▶ GIVEN DATA
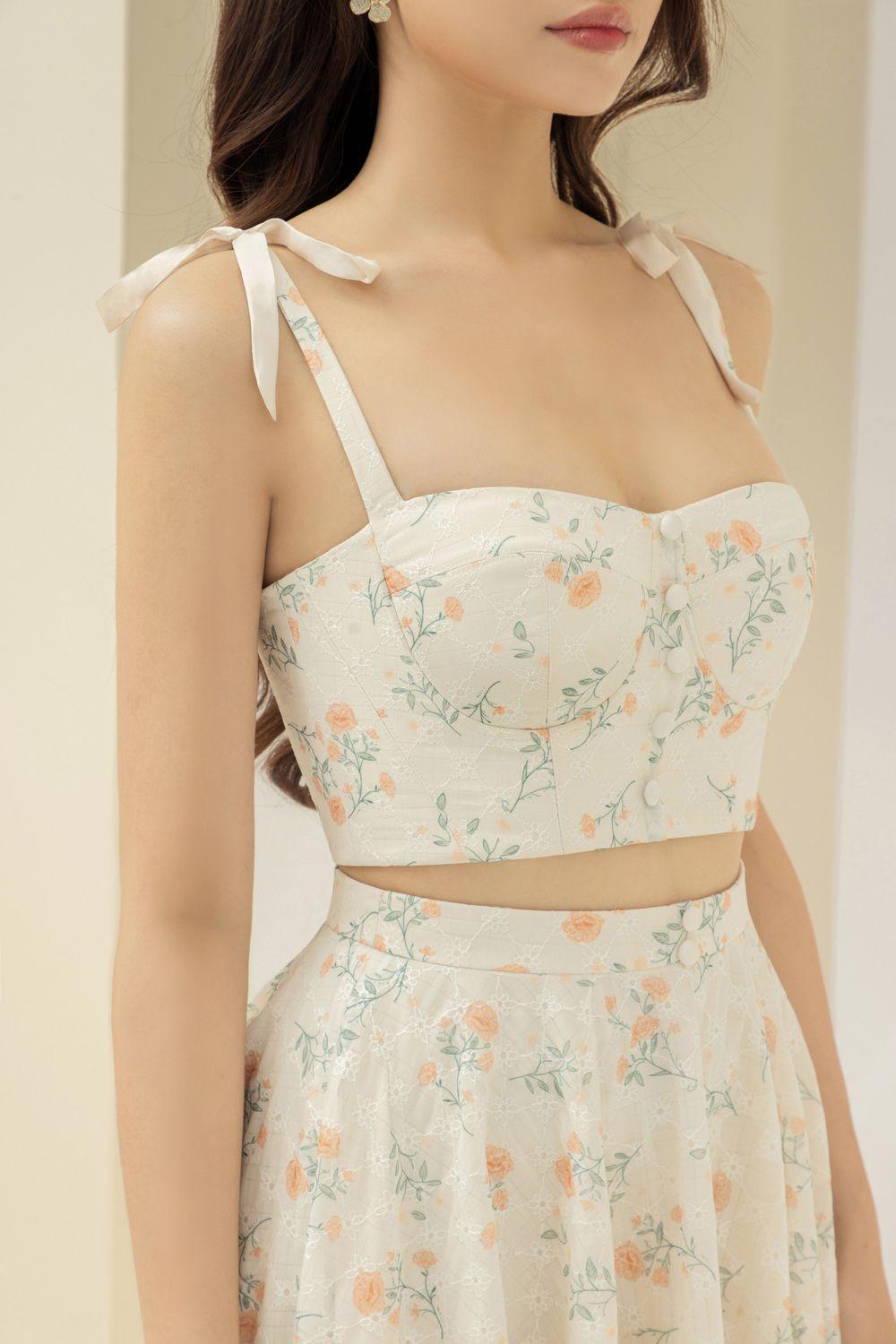 Carmen Bodycon Semi-Heart Neck Polyester Chiffon Crop Top - MEAN BLVD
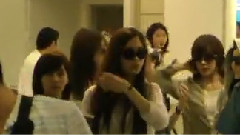 T-ara - 新加坡Changi机场饭拍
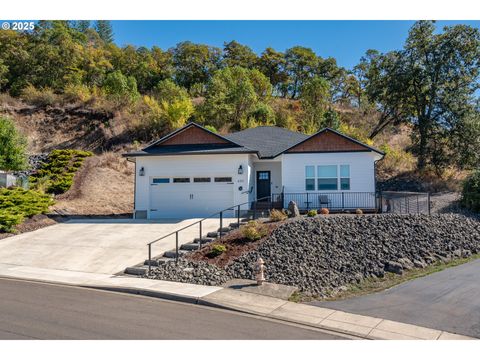 625 NE CUMMINS ST Roseburg OR 97470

▶ HOW TO COMPLETE THIS TASK
Would you set down each line of the listing above exactly, apart from the pictures?

▶ RESULT OF THE TASK
 Carmen Bodycon Semi-Heart Neck Polyester Chiffon Crop Top - MEAN BLVD
 T-ara - 新加坡Changi机场饭拍
 625 NE CUMMINS ST Roseburg OR 97470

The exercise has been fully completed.